Of course, the public is never asked to vote on whether we should have a for-profit, market-based healthcare system or a public, single-payer system. What they are asked to do is to choose between a Democrat or a Republican every election cycle, neither of whom desire to challenge the powerful position of the private health insurance industry (which is what it would take to get single-payer passed). Thus there is a large gap between what the public wants and what they are able to ask for via the electoral system.

What can we do about this gap?

I'll weigh in on what I think about what we can do in a moment. But if you ask certain Democrat-friendly liberals, they'll tell you that we just need to elect a couple more "progressive" Democrats to office in a handful of states. Perhaps we could exchange a Joe Liberman for a Ned Lamont, they'll argue, and that would more or less solve the problem.

This is preposterous. Notwithstanding the utter powerlessness of the existing bloc of "progressives" in the House and Senate, the problem isn't the lack of a couple of "more progressive" individuals in the Democratic Party. The problem is a systemic one, that has more to do with institutions and practices than the preferences of any one individual in the Party. You can waste valuable resources and time trying to elect a person that starts off supporting single-payer. But in order to function within Washington and the Democratic Party apparatus that person will have to conform to protocol and the requirements of operating within this instutional backdrop.

What, then, should we do about this massive gap between public preferences and a political process dominated by elites?

I find myself returning again and again to two important examples. I'll restrict myself to the first, which is the Civil Rights Movement (or, what, at the time (according to Angela Davis) was simply called the "freedom movement"). (The other example I find particularly interesting is the massive wave of labor militancy in 1934 that led to the passage of the most progressive elements of the New Deal).

First of all, consider where the politics of race stood in the 1940s-50s in the United States. The "major political issues" defined by the agenda set by the established political process and mainstream press did not include the problem of racism as a major concern. The interests of the masses of ordinary black people were simply not on the radar of the established political system. Despite a couple of landmark events and Supreme Court decisions, the issue was by and large pushed aside by the political system.

But by 1964, there was enough pressure on the entire political system to force the passage of major civil rights legislation, against the default prerogatives of the ruling party (i.e. the Democrats).

How was this massive gap closed?

First, consider how it wasn't closed. The political movement for racial justice that began to pick up steam in the early 60s did not directly focus on electoral politics at all. They did not focus on creating PAC's to funnel funds to the Democrats, they did not focus primarily on lobbying elected officials, and they did not emphasize playing within the conventional political rules. They did not simply ask nicely and sit back and hope that elected officials would "do the right thing".

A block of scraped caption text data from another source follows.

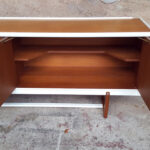 Enfilade, buffet, bar, vintage scandinave, blanc et teck gentlemen designers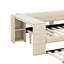 Lit plateforme tapissier pleine grandeur avec tablettes, bureau, lit gigogne et station de charge-263334901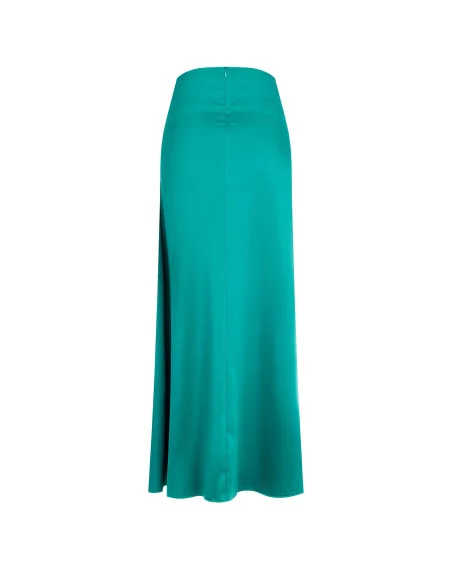 Rinascimento Wheeled Satin Long Skirt With Draping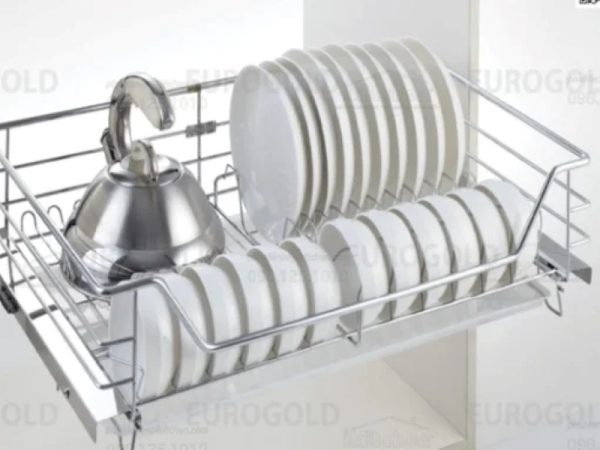 Giá bát đĩa inox nan âm tủ gắn cánh ray giảm chấn Eurogold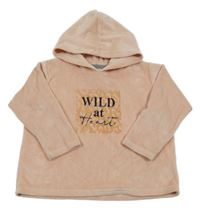 Svetloružová plyšová mikina s nápisom a kapucňou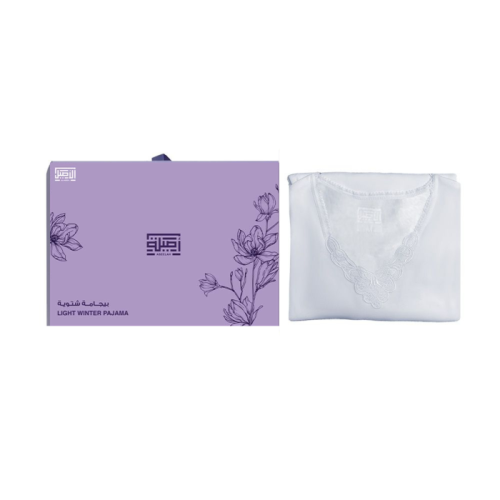 دانتيل أبيض طقم بيجاما نسائي شتوي قطن للسجناء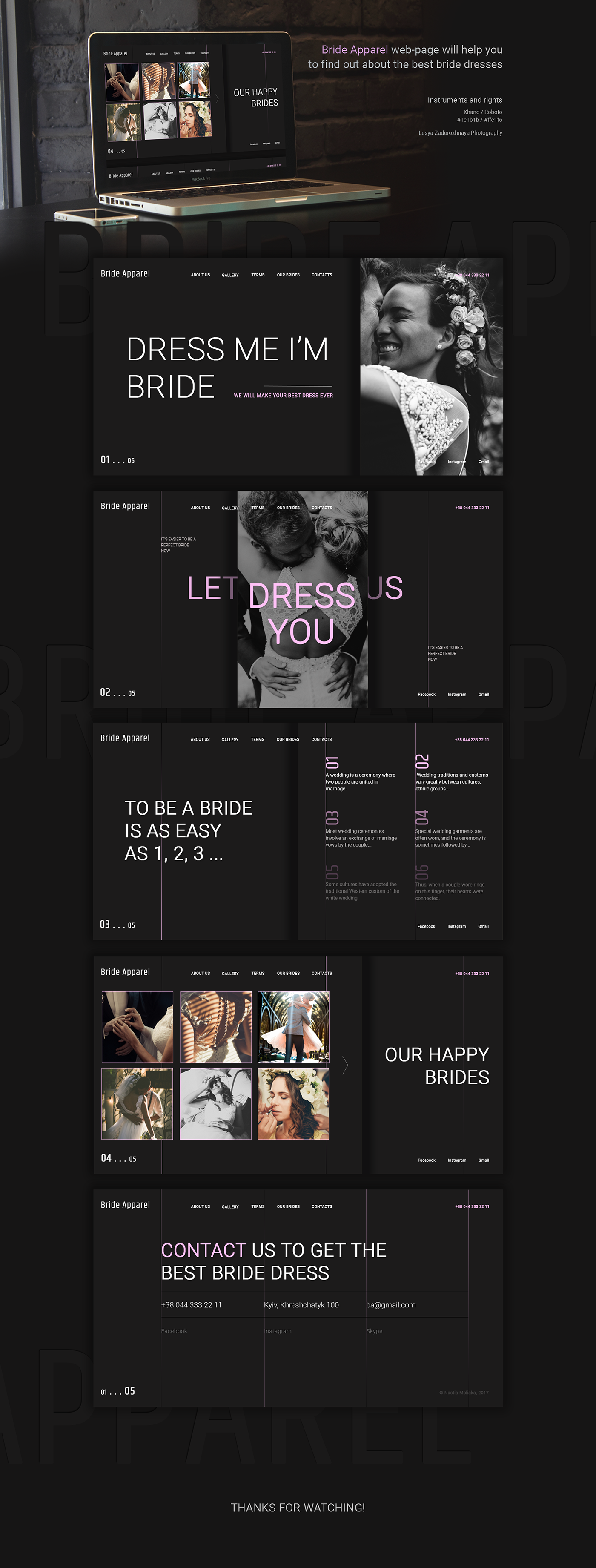 bride dress dresses wedding apparel web-design black pink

They formed organizations and social movements independently of the political system and by means of direct actions, marches, agitation, consciousness-raising, organizing, propagandizing, and so on they put the problem of racism on the table in a way that the political system could not ignore.

Visionaries like MLK and Malcolm X did not go on TV and talk in the narrow terms of electioneering and Congressional maneuvering. They did not accept the constraints of what was then considered "politically realistic" or prudent. They challenged those very constraints and in-so-doing altered the horizons of what was politically possible.

Malcolm X did not attenuate his own criticisms of the existing order so as to avoid pissing off elites. He didn't think of those determined to maintain racial hierarchies as potential "stakeholders" in a public discussion about policy: he publicly challenged the very legitimacy of their authority.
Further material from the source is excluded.